• YOUR ASSIGNMENT
Repeat exactly the lines from the start of the records below through the line that contains "Snapshot of DemetraSadahiro", including both.

++++

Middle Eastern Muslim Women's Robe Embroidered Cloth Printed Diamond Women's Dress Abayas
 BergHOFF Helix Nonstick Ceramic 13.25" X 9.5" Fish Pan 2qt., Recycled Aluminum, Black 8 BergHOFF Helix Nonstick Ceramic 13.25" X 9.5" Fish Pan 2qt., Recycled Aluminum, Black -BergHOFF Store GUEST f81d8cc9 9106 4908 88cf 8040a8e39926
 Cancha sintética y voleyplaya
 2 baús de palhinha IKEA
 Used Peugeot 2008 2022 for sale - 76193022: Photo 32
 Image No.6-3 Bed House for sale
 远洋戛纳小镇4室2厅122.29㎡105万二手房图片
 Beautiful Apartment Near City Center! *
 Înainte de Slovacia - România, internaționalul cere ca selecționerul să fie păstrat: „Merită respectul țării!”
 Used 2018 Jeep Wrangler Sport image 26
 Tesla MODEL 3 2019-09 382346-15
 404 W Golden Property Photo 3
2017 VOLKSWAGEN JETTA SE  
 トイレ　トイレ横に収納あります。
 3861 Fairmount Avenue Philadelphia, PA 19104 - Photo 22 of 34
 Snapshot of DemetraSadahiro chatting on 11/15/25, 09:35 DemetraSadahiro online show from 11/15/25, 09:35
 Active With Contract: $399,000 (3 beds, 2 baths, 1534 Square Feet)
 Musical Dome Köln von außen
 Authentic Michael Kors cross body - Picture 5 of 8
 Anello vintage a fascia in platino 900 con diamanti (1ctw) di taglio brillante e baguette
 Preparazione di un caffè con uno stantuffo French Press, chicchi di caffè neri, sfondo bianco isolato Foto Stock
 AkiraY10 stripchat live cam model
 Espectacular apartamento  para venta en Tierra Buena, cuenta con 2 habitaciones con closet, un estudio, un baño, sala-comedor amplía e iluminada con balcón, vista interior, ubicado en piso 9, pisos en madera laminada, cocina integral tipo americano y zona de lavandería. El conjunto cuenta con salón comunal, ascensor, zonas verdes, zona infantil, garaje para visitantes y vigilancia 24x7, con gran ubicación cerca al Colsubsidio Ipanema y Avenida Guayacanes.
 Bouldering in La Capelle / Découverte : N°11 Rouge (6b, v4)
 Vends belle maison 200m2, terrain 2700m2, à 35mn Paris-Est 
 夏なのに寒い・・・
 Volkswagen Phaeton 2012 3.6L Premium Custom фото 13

++++

• TASK SOLUTION
Middle Eastern Muslim Women's Robe Embroidered Cloth Printed Diamond Women's Dress Abayas
 BergHOFF Helix Nonstick Ceramic 13.25" X 9.5" Fish Pan 2qt., Recycled Aluminum, Black 8 BergHOFF Helix Nonstick Ceramic 13.25" X 9.5" Fish Pan 2qt., Recycled Aluminum, Black -BergHOFF Store GUEST f81d8cc9 9106 4908 88cf 8040a8e39926
 Cancha sintética y voleyplaya
 2 baús de palhinha IKEA
 Used Peugeot 2008 2022 for sale - 76193022: Photo 32
 Image No.6-3 Bed House for sale
 远洋戛纳小镇4室2厅122.29㎡105万二手房图片
 Beautiful Apartment Near City Center! *
 Înainte de Slovacia - România, internaționalul cere ca selecționerul să fie păstrat: „Merită respectul țării!”
 Used 2018 Jeep Wrangler Sport image 26
 Tesla MODEL 3 2019-09 382346-15
 404 W Golden Property Photo 3
2017 VOLKSWAGEN JETTA SE  
 トイレ　トイレ横に収納あります。
 3861 Fairmount Avenue Philadelphia, PA 19104 - Photo 22 of 34
 Snapshot of DemetraSadahiro chatting on 11/15/25, 09:35 DemetraSadahiro online show from 11/15/25, 09:35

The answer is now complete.